Please write out every entry below exactly, leaving out any pictures.

(Web page caption snippets)
((

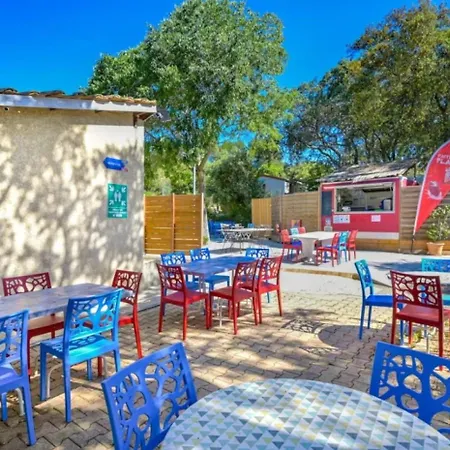 Zecamping 3 Etoiles Familial Toboggans Locatif 16M2 4 Pers 3*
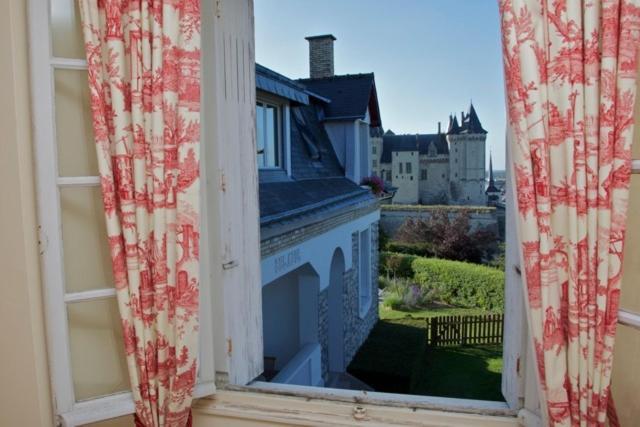 Castle Gite 16Eme Siecle Saumur Exterior photo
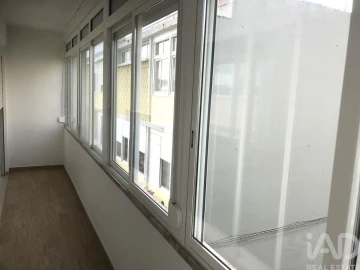 Apartamento T2 para Arrendamento em São Domingos de Benfica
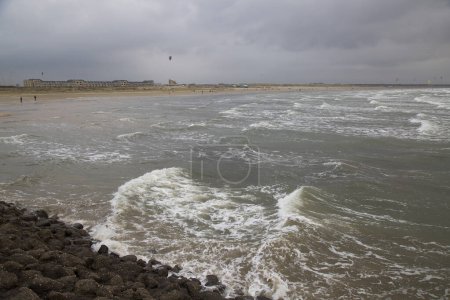 Téléchargez les photos : Vagues de tempête sur la côte maritime - en image libre de droit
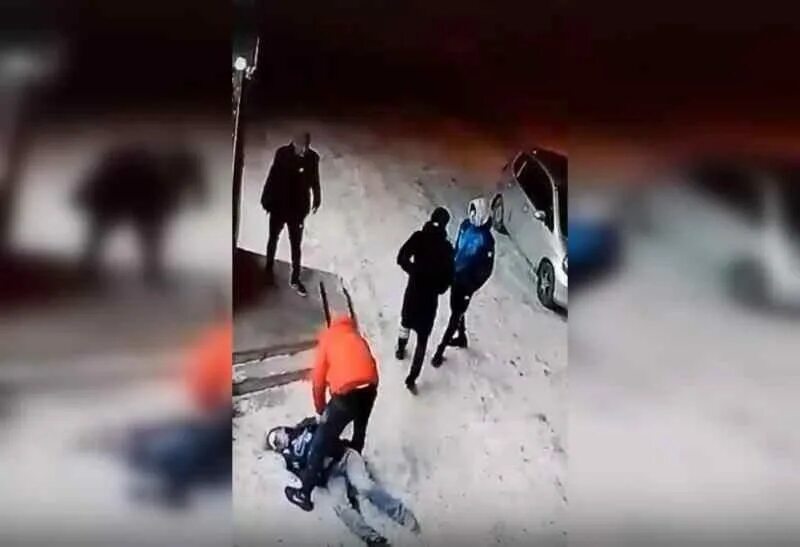 Подростки избили таксистку. Новосибирская таксистка, избитая подростками. Подросток напал на женщину.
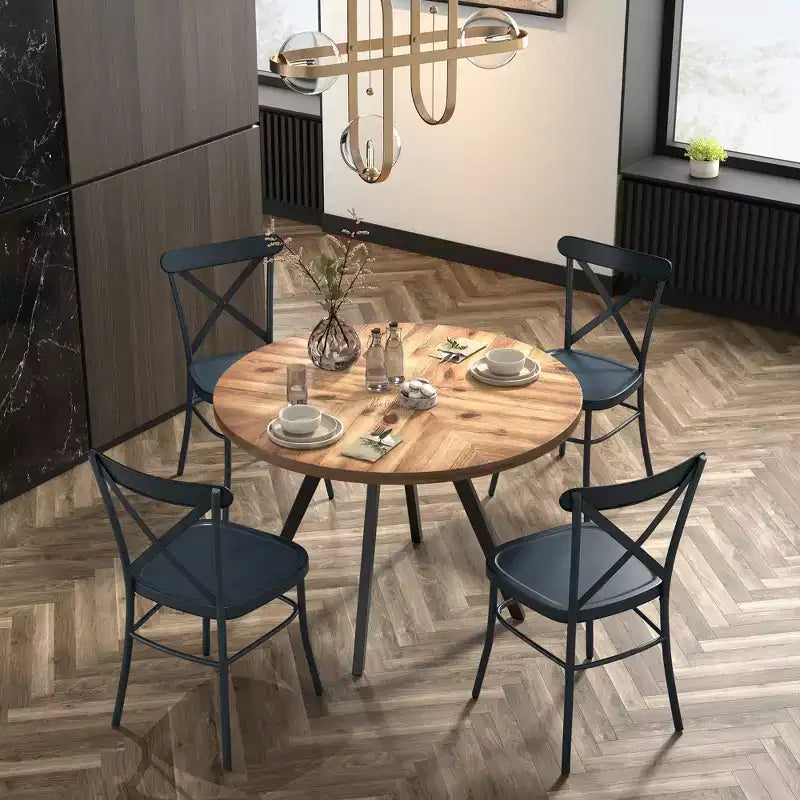 Table de salle à manger ronde Jolana avec plateau en chêne et pieds noirs et ensemble de chaises en métal à dossier en X - iNSPIRE Q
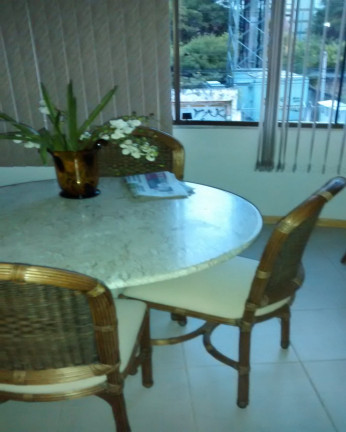 Imagem Imóvel com 2 Quartos à Venda, 80 m² em Tristeza - Porto Alegre Imagem Imóvel com 2 Quartos à Venda, 80 m² em Tristeza - Porto Alegre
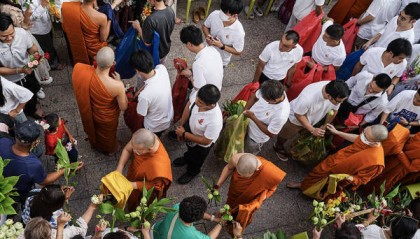 多名佛教高僧卷入性丑聞引發(fā)輿論震動(dòng)，泰國(guó)國(guó)王罕見公開批評(píng)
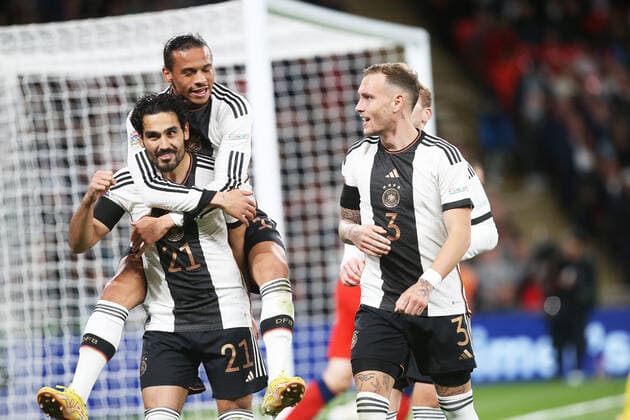 Torjubel 1:0 Deutschland, V.li. Torschütze Ilkay Gündogan (GER) , Leroy Sane (GER) , David Raum (GER) .England-Deutschland . Fussball-Länderspiel 2022, Nations League . Mönchengladbach, GER, 26.09.2022 ,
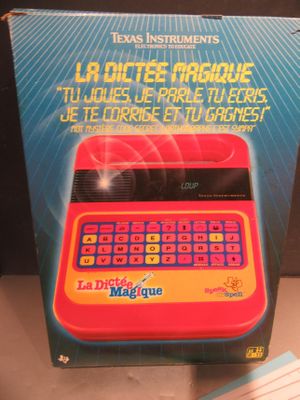 une boîte contenant une calculatrice, posée sur une table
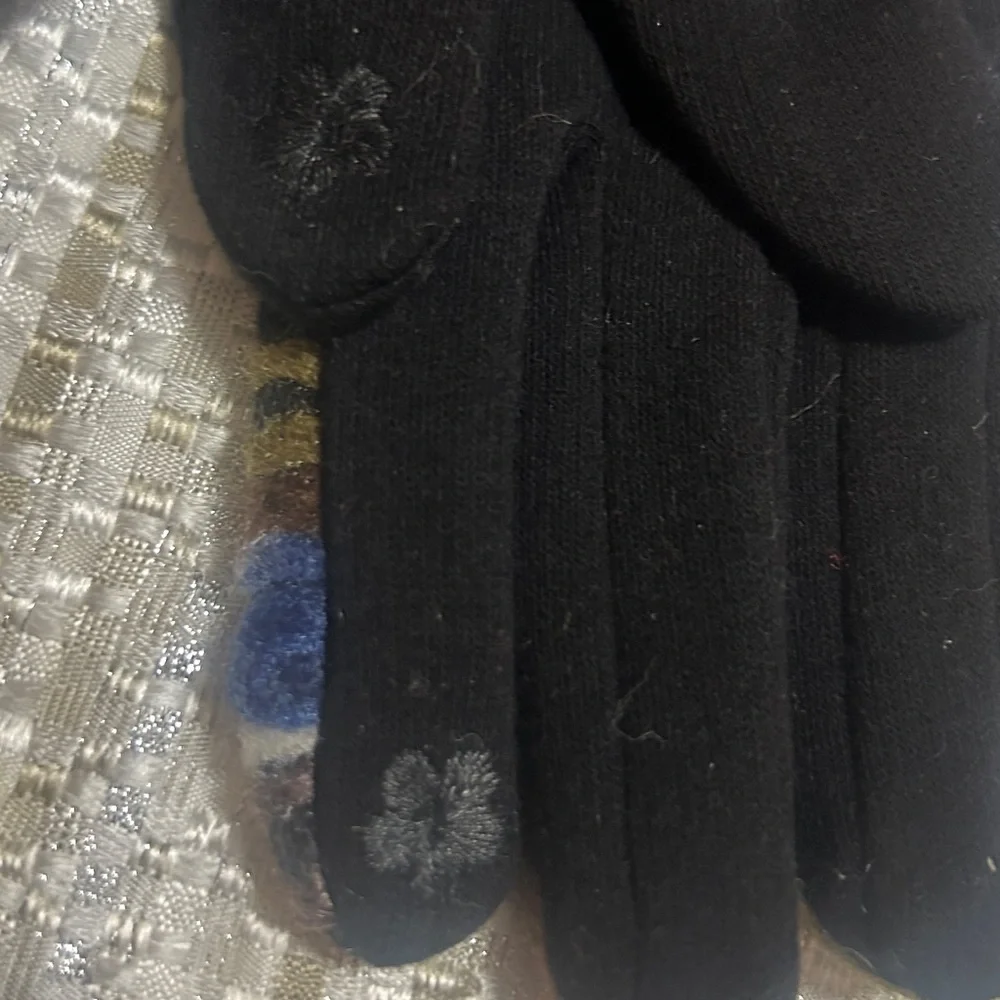 NWT Yarn Swirl Embroidered Texting Gloves S/M OS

))

SOLUTION ▸
 Zecamping 3 Etoiles Familial Toboggans Locatif 16M2 4 Pers 3*
 Castle Gite 16Eme Siecle Saumur Exterior photo
 Apartamento T2 para Arrendamento em São Domingos de Benfica
 Téléchargez les photos : Vagues de tempête sur la côte maritime - en image libre de droit
 Подростки избили таксистку. Новосибирская таксистка, избитая подростками. Подросток напал на женщину.
 Table de salle à manger ronde Jolana avec plateau en chêne et pieds noirs et ensemble de chaises en métal à dossier en X - iNSPIRE Q
 Imagem Imóvel com 2 Quartos à Venda, 80 m² em Tristeza - Porto Alegre Imagem Imóvel com 2 Quartos à Venda, 80 m² em Tristeza - Porto Alegre
 多名佛教高僧卷入性丑聞引發(fā)輿論震動(dòng)，泰國(guó)國(guó)王罕見公開批評(píng)
 Torjubel 1:0 Deutschland, V.li. Torschütze Ilkay Gündogan (GER) , Leroy Sane (GER) , David Raum (GER) .England-Deutschland . Fussball-Länderspiel 2022, Nations League . Mönchengladbach, GER, 26.09.2022 ,
 une boîte contenant une calculatrice, posée sur une table
 NWT Yarn Swirl Embroidered Texting Gloves S/M OS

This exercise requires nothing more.